_Task goal_.
Please begin with the line containing "Spacious Home for Rent - Otangarei - Photo 4" and reproduce each line exactly until the records below end, without any pictures.

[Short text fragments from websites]
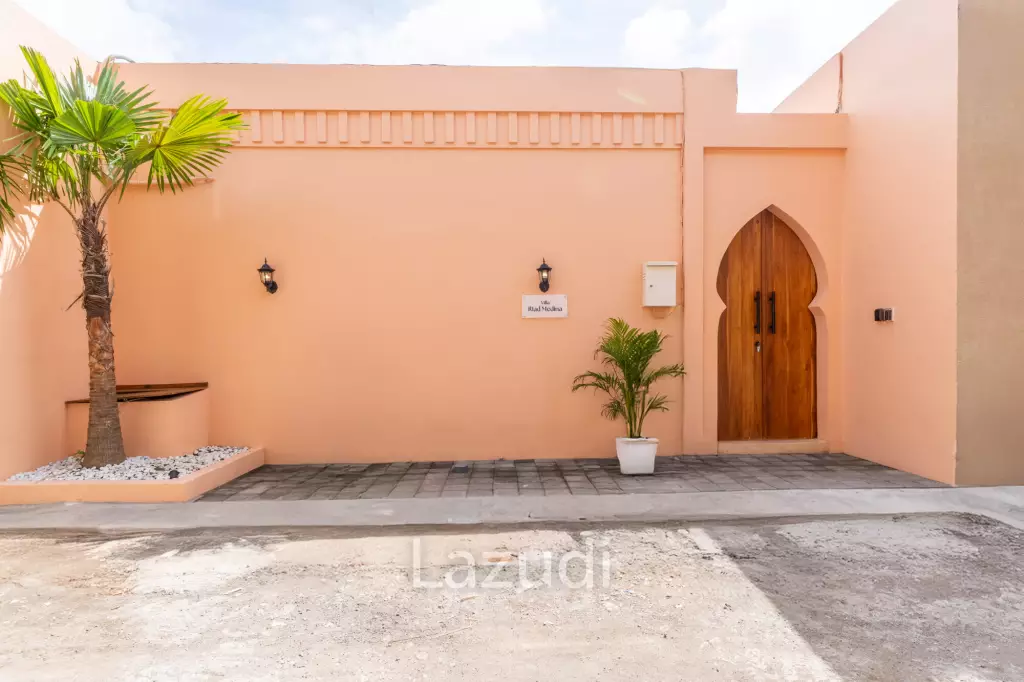 One Bedroom Moroccan style Terra Cotta Villa 5 minutes from Padang-Padang Beach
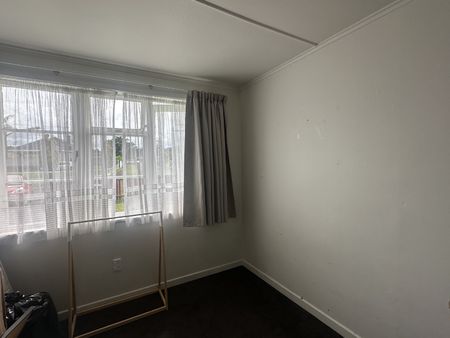 Spacious Home for Rent - Otangarei - Photo 4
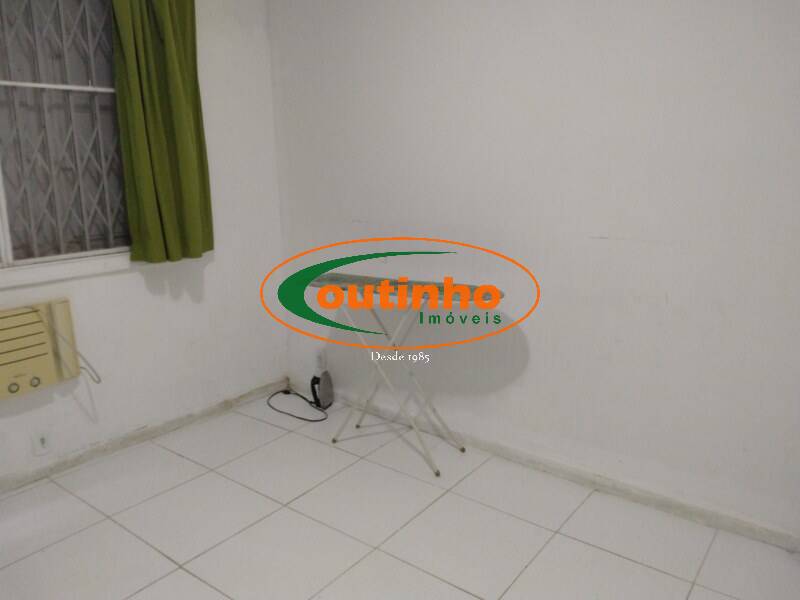 Apartamento à venda com 3 quartos, 110m² - Foto 14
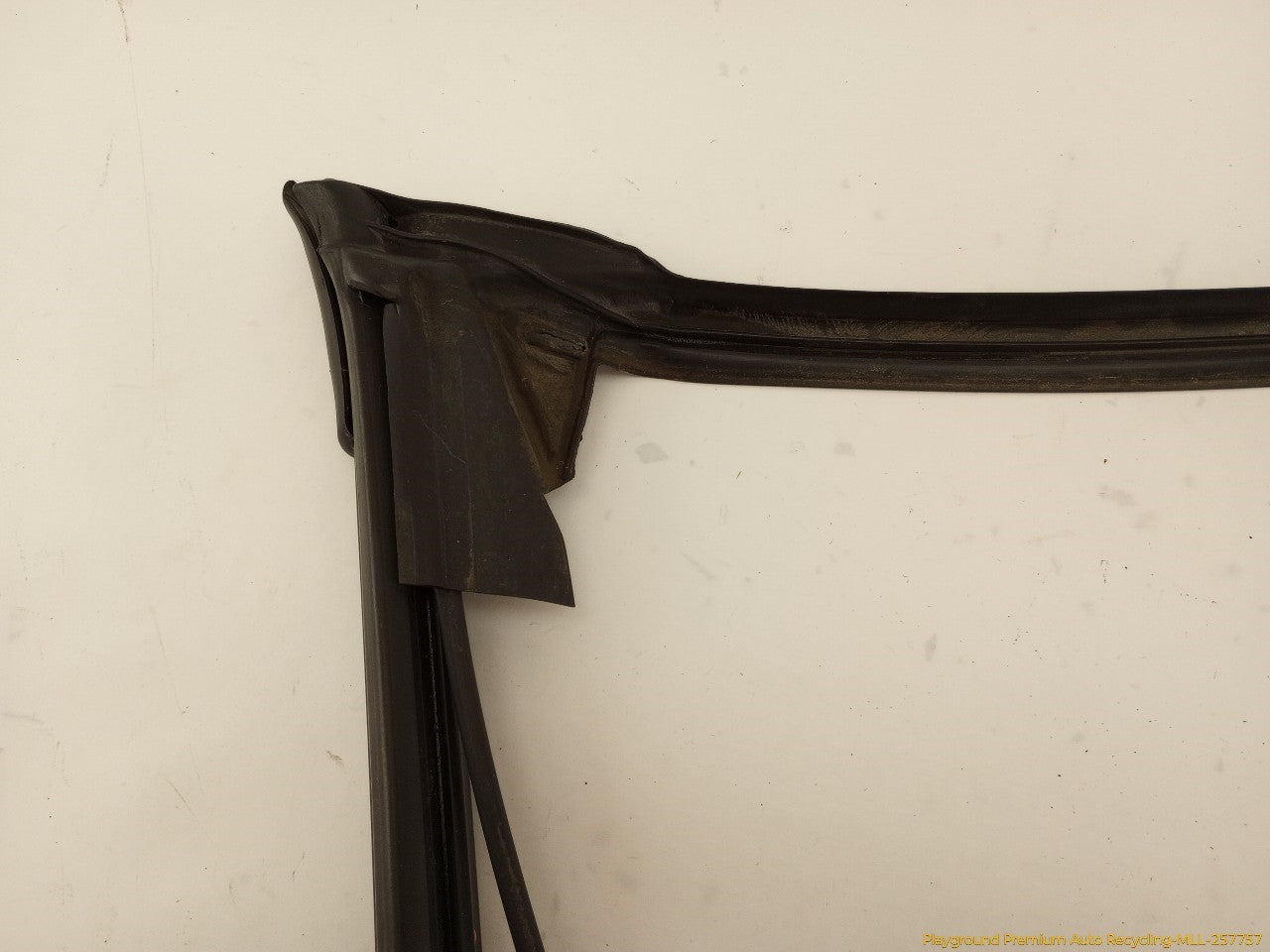 Mercedes SL320 Windshield Molding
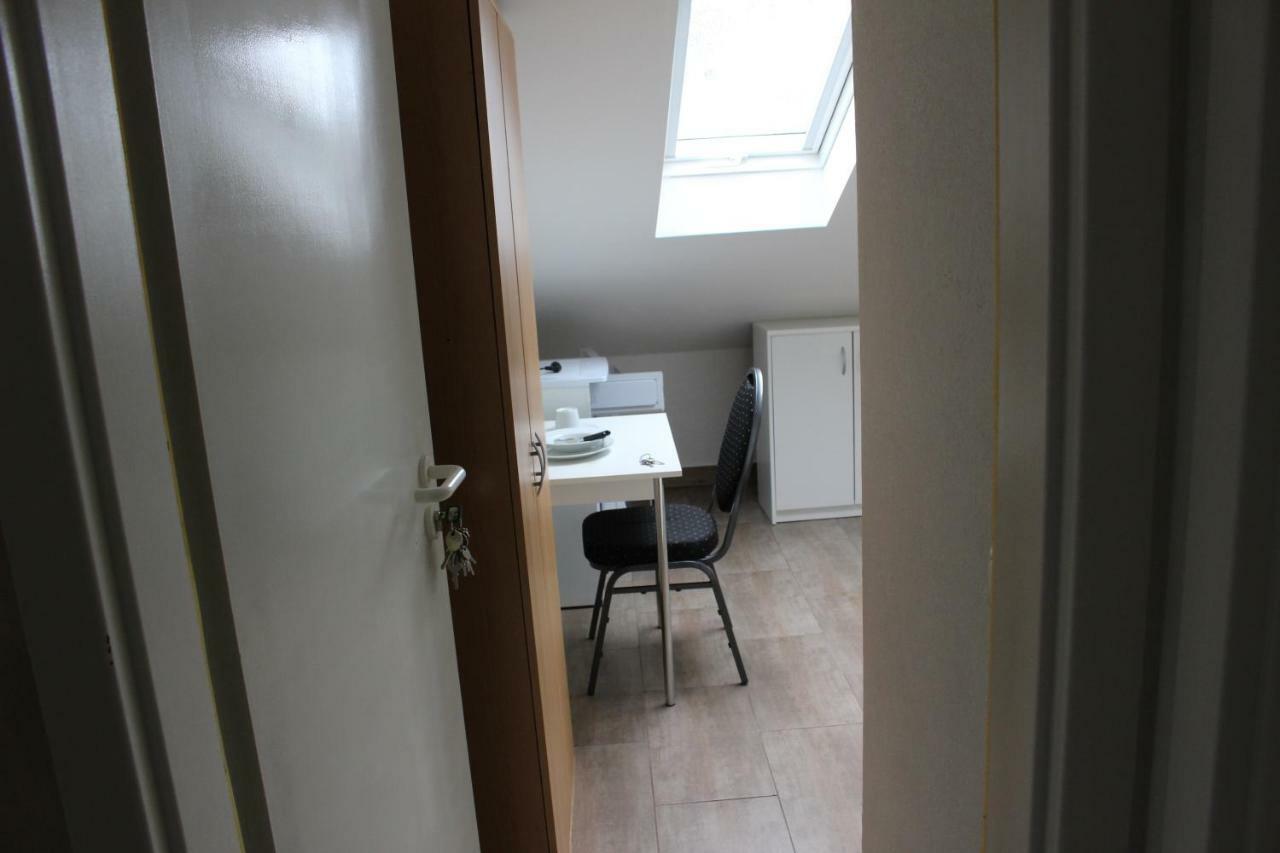 Zv-Scholtz Gaestehaus Neuoetting Simbacher Strasse 7 外观 照片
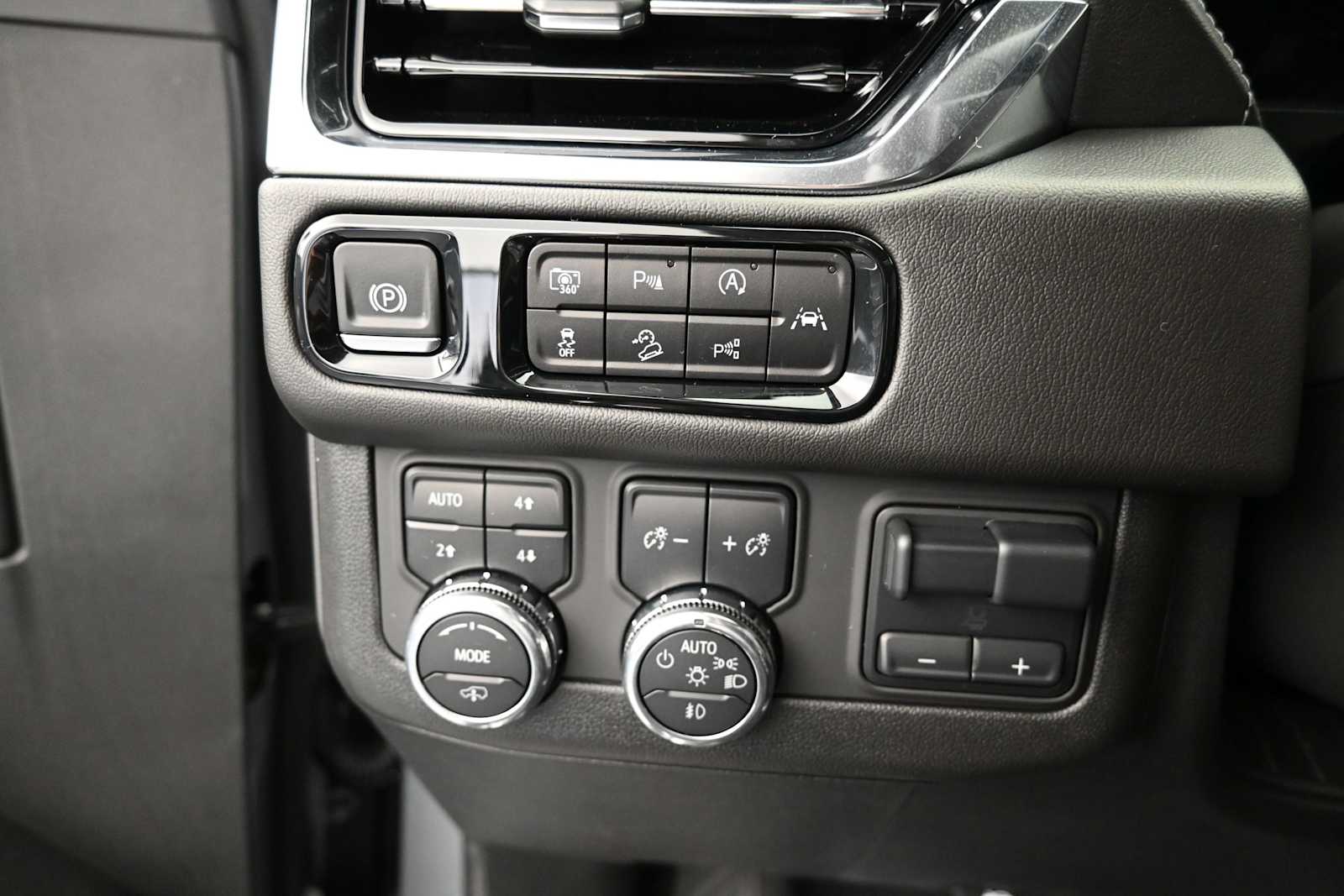 Thumbnail: 2025 GMC Yukon - 12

_Response area_.
 Spacious Home for Rent - Otangarei - Photo 4
 Apartamento à venda com 3 quartos, 110m² - Foto 14
 Mercedes SL320 Windshield Molding
 Zv-Scholtz Gaestehaus Neuoetting Simbacher Strasse 7 外观 照片
 Thumbnail: 2025 GMC Yukon - 12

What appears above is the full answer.